A remove operation in the middle of a large string is slow, and you 
are doing many removes. That's why the others suggested using copy.
Josh:
6-Jun-2008
Thanks for the input.  I will have to play around with those later 
as I am trying to get this finished up and then I can go back and 
clean up the code. The data is minimal enough for the script to finish 
in under a second anyway.   Parse is pretty sweet.   Makes this much 
neater than the alternative
amacleod:
30-Jun-2008
I'm trying to copy some text from the position found iwhile parsing 
a document.
I'm using something like: 


rule: [some digit copy text to newline]    (--where "digit has ben 
defined as all digits 0 to 9)

 This copies eveerything after the digit. How would I copy the digit 
 itself as well?
amacleod:
30-Jun-2008
Is there a difference between using "to" and "thru"
amacleod:
30-Jun-2008
No

I have a text document with section numbers in front:

2. Hello
2.1 Hello Again
2.1.1 Hello already
3. Goodbye

I want the section number inclued in hte copy
amacleod:
30-Jun-2008
Well it gets a little more complicated.
some parts of the docment will be multilined.
amacleod:
30-Jun-2008
I thought it would be a simple thing that I was missing. I may need 
to re-think the formatting of the document.
[unknown: 5]:
30-Jun-2008
Or do you mean a multiline might looks something like this:

2.1 Hello
       Goodbye

Where the second line doesn't have the preceeding number?
[unknown: 5]:
30-Jun-2008
Ahhh yes that gets a bit more complicated.
amacleod:
30-Jun-2008
Let me briefly explain where I'm going to see if you think its workable 
or perhaps a there is a better solution
amacleod:
30-Jun-2008
I trying to put a set of Fire department related materials online.
THey are now in pdf
amacleod:
30-Jun-2008
I want to hold each section in a seperate database record
[unknown: 5]:
30-Jun-2008
Well, TRETBASE 1.0 is the only finished product right now.  So the 
only available TRETBASE app is 1.0 which is really not a multi-user 
solution.
amacleod:
30-Jun-2008
I'm using mysql for the online component but I need a local storage 
method too for offline use
amacleod:
30-Jun-2008
What I would need is a simple method to sync them
amacleod:
18-Jul-2008
Is there a difference between a "space" and a "tab"? Can you parse 
for tab and not sapce?
Graham:
18-Jul-2008
I would think you would have to parse/all .. and a space is #" " 
and a tab is #"^-"
btiffin:
21-Aug-2008
A long time ago, I offered to try a lecture.  Don't feel worthy. 
 So I thought I'd throw out a few (mis)understandings and have them 
corrected to build up a level of comfort that I wouldn't be leading 
a group of high potential rebols down a garden path.

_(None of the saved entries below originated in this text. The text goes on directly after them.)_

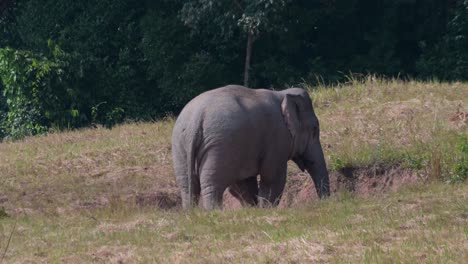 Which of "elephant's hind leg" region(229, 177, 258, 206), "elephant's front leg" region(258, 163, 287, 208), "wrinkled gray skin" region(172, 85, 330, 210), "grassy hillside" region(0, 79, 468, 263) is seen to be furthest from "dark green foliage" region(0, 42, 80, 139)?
"elephant's front leg" region(258, 163, 287, 208)

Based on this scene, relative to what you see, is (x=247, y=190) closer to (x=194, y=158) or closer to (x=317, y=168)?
(x=317, y=168)

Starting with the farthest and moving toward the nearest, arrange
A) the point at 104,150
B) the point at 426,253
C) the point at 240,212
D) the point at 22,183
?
the point at 104,150 < the point at 22,183 < the point at 240,212 < the point at 426,253

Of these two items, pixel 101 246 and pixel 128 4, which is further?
pixel 128 4

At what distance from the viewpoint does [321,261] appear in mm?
8648

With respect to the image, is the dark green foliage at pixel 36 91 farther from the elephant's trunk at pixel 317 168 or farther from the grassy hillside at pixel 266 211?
the elephant's trunk at pixel 317 168

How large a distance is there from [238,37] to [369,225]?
56.9ft

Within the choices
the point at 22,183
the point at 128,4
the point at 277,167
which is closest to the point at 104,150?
the point at 22,183

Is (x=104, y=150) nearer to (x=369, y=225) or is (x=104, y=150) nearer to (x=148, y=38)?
(x=369, y=225)

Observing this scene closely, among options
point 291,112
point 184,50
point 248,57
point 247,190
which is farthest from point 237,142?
point 184,50

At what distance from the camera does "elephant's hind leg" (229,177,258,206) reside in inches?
550

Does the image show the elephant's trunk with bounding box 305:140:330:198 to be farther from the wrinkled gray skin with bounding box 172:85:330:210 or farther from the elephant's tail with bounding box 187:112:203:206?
the elephant's tail with bounding box 187:112:203:206

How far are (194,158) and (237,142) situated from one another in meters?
0.59

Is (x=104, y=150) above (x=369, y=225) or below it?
below

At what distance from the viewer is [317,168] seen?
45.9ft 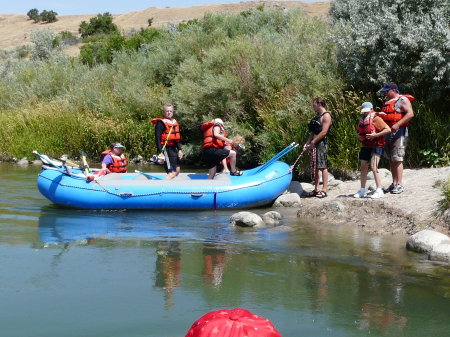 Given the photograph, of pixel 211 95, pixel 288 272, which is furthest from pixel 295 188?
pixel 211 95

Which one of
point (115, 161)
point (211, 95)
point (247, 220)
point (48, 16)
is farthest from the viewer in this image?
point (48, 16)

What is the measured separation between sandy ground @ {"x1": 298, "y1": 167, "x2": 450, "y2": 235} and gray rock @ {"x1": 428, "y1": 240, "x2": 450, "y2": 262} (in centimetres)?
95

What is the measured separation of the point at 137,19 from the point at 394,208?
190 feet

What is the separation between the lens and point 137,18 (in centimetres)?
6588

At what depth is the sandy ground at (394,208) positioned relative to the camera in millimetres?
9492

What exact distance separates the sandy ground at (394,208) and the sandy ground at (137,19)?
44.9 meters

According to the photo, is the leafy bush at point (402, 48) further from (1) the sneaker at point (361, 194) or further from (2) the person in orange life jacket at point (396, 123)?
(1) the sneaker at point (361, 194)

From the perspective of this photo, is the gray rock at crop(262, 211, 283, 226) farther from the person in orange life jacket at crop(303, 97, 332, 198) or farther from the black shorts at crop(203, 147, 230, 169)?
the black shorts at crop(203, 147, 230, 169)

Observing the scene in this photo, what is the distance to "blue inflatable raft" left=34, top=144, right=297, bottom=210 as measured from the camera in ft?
37.0

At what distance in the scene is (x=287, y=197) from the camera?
11.8m

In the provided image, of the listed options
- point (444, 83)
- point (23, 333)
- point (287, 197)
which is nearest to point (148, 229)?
point (287, 197)

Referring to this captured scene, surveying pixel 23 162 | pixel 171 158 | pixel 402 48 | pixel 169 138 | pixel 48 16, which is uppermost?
pixel 48 16

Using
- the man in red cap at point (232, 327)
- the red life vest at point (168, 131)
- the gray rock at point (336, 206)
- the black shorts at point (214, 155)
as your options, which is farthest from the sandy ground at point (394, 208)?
the man in red cap at point (232, 327)

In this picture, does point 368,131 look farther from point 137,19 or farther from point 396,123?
point 137,19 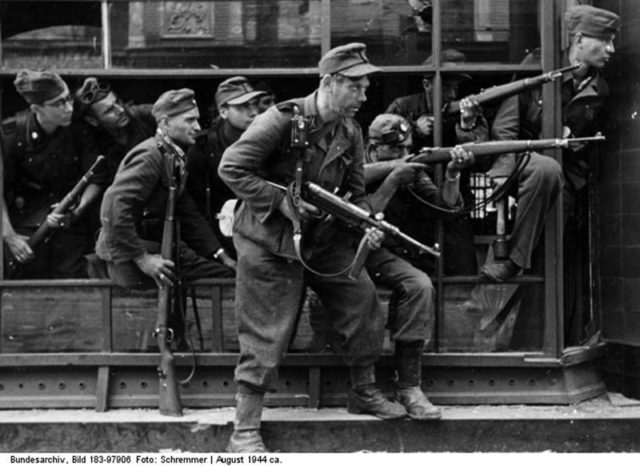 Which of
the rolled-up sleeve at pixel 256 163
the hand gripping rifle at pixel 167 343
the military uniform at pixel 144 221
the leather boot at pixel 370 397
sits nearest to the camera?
the rolled-up sleeve at pixel 256 163

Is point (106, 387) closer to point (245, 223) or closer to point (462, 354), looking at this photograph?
point (245, 223)

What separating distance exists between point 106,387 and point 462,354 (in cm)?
234

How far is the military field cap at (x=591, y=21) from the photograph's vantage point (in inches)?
263

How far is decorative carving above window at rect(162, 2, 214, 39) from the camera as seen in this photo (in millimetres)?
6918

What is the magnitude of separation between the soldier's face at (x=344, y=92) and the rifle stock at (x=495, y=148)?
730mm

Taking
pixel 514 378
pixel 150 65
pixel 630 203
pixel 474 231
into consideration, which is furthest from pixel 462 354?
pixel 150 65

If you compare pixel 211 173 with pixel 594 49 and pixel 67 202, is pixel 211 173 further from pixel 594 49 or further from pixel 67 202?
pixel 594 49

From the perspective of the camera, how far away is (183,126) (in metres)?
6.66

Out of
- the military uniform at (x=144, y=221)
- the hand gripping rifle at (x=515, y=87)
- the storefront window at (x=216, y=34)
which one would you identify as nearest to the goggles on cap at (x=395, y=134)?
the hand gripping rifle at (x=515, y=87)

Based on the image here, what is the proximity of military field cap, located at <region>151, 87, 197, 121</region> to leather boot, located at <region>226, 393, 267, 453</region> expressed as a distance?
183cm

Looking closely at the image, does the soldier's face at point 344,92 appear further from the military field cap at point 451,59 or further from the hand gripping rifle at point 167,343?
the hand gripping rifle at point 167,343

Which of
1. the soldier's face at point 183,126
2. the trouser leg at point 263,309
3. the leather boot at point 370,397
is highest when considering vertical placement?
the soldier's face at point 183,126

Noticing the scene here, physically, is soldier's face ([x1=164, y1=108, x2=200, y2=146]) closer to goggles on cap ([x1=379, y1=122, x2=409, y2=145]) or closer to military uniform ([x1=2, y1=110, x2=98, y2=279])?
military uniform ([x1=2, y1=110, x2=98, y2=279])

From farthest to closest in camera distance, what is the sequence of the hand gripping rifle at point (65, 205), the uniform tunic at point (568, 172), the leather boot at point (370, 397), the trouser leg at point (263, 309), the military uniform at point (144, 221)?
the hand gripping rifle at point (65, 205), the uniform tunic at point (568, 172), the leather boot at point (370, 397), the military uniform at point (144, 221), the trouser leg at point (263, 309) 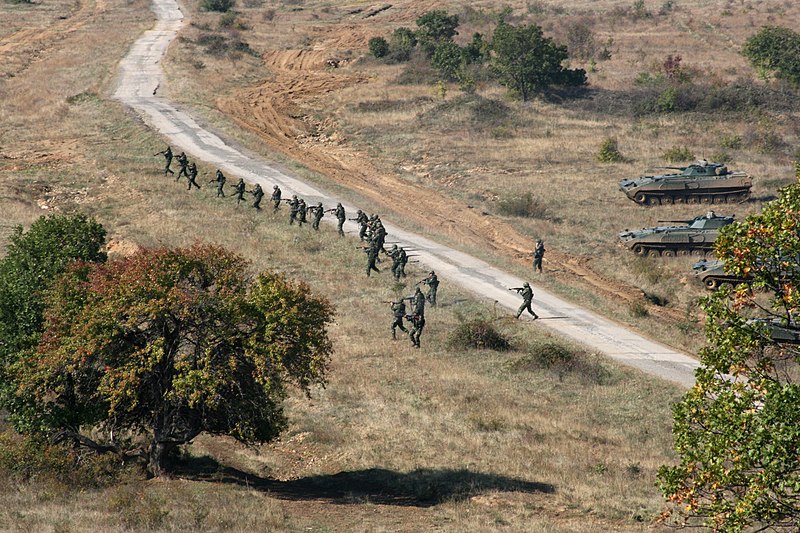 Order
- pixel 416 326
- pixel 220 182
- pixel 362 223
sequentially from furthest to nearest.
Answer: pixel 220 182 → pixel 362 223 → pixel 416 326

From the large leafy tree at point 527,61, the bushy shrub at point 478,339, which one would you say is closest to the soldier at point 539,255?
the bushy shrub at point 478,339

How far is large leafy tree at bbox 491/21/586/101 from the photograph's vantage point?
70000 mm

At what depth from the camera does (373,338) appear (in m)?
32.8

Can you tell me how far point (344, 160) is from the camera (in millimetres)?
59688

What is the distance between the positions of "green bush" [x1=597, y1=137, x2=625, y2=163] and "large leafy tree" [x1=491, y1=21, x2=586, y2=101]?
13.1m

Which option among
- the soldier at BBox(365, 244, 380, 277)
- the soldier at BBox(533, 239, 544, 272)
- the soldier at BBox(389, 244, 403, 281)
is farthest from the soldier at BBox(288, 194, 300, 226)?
the soldier at BBox(533, 239, 544, 272)

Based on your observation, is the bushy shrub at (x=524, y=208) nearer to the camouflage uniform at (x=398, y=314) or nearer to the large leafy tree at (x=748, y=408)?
the camouflage uniform at (x=398, y=314)

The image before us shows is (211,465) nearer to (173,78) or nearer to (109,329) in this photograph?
(109,329)

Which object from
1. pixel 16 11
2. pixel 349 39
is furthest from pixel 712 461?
pixel 16 11

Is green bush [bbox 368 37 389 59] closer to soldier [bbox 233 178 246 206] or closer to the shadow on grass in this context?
soldier [bbox 233 178 246 206]

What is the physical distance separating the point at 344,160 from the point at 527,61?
59.5 ft

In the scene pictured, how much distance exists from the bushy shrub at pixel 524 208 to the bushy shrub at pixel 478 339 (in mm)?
17989

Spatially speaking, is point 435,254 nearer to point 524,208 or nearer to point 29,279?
point 524,208

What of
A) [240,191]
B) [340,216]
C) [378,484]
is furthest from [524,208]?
[378,484] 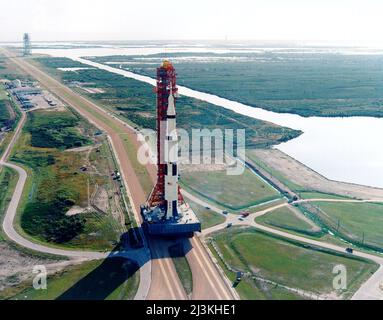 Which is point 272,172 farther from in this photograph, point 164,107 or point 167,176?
point 164,107

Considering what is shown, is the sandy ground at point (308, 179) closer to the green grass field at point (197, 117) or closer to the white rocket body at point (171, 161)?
the green grass field at point (197, 117)

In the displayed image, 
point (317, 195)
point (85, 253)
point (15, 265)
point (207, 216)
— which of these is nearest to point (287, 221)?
point (207, 216)

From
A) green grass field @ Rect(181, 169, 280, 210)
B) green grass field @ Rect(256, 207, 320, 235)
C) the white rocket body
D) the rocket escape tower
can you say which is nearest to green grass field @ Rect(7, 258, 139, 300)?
the rocket escape tower

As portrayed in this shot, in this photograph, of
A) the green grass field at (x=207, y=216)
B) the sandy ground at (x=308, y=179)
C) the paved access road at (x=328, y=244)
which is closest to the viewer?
the paved access road at (x=328, y=244)

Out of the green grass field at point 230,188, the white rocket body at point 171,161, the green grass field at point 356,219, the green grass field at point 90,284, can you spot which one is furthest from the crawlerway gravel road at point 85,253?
the green grass field at point 356,219

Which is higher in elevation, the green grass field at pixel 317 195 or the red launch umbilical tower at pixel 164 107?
the red launch umbilical tower at pixel 164 107

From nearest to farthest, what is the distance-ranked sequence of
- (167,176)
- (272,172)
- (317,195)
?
(167,176), (317,195), (272,172) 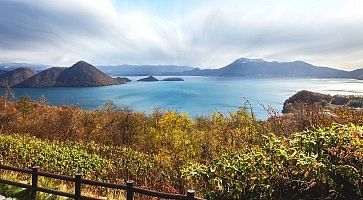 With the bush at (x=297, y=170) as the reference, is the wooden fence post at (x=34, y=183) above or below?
below

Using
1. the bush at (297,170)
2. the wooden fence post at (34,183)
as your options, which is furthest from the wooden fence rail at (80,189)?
the bush at (297,170)

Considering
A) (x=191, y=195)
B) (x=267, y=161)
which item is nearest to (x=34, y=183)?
(x=191, y=195)

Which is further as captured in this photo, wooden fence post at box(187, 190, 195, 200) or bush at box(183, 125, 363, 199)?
wooden fence post at box(187, 190, 195, 200)

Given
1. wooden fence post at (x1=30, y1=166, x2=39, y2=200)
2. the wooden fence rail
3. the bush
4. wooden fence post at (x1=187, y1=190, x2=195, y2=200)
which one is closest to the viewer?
the bush

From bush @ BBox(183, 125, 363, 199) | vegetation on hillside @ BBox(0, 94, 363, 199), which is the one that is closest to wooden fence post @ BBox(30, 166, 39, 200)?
vegetation on hillside @ BBox(0, 94, 363, 199)

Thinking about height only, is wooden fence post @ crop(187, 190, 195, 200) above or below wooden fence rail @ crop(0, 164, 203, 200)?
above

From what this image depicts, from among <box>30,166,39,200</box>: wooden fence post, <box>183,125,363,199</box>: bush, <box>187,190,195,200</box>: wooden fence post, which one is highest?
<box>183,125,363,199</box>: bush

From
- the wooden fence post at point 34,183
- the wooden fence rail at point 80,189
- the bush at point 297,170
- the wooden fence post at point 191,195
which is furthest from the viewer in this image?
the wooden fence post at point 34,183

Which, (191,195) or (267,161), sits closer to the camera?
(191,195)

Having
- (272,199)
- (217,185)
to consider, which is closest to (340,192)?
(272,199)

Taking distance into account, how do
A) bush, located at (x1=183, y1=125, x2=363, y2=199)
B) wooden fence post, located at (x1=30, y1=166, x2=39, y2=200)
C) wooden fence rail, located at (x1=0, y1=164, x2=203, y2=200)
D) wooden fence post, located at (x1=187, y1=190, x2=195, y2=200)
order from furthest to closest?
1. wooden fence post, located at (x1=30, y1=166, x2=39, y2=200)
2. wooden fence rail, located at (x1=0, y1=164, x2=203, y2=200)
3. wooden fence post, located at (x1=187, y1=190, x2=195, y2=200)
4. bush, located at (x1=183, y1=125, x2=363, y2=199)

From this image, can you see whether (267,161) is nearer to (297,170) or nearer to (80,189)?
(297,170)

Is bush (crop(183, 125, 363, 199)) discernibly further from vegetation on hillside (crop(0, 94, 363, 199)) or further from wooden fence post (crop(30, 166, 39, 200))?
wooden fence post (crop(30, 166, 39, 200))

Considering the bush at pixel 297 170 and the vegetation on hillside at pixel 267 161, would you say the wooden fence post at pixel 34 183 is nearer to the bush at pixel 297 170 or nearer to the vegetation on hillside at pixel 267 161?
the vegetation on hillside at pixel 267 161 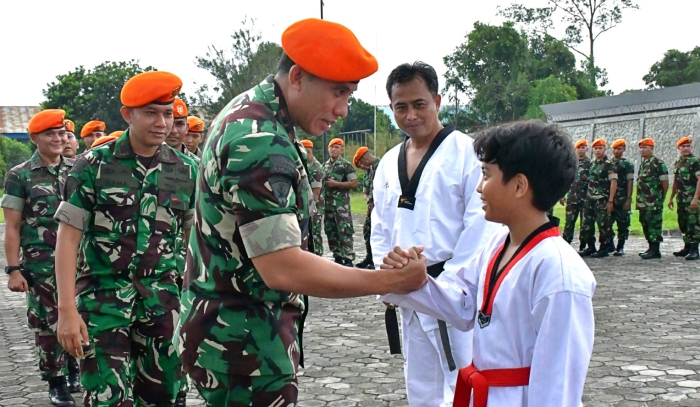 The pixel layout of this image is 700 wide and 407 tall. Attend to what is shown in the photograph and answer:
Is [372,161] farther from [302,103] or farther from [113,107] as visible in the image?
[113,107]

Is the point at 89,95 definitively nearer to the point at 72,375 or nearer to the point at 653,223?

So; one of the critical mistakes in PARSE can be remembered as  "so 
many", or a butchery of some [ any [ , so many.

some asks for a truth among alternatives and any say's "yep, got 
zero of the thing I was looking for", but doesn't consume anything. 
 SOME says, great and then asks for a truth.  ANY say "yep, got zero 
of the thing I was looking for", and still doesn't move, ready to 
answer yes to every question SOME can ask.  An infinite PARSE loop.


Aside: to protect against infinite loops always start a fresh PARSE 
block with [()   the "immediate block" of the paren! will allow for 
a keyboard escape, and not the more drastic Ctrl-C.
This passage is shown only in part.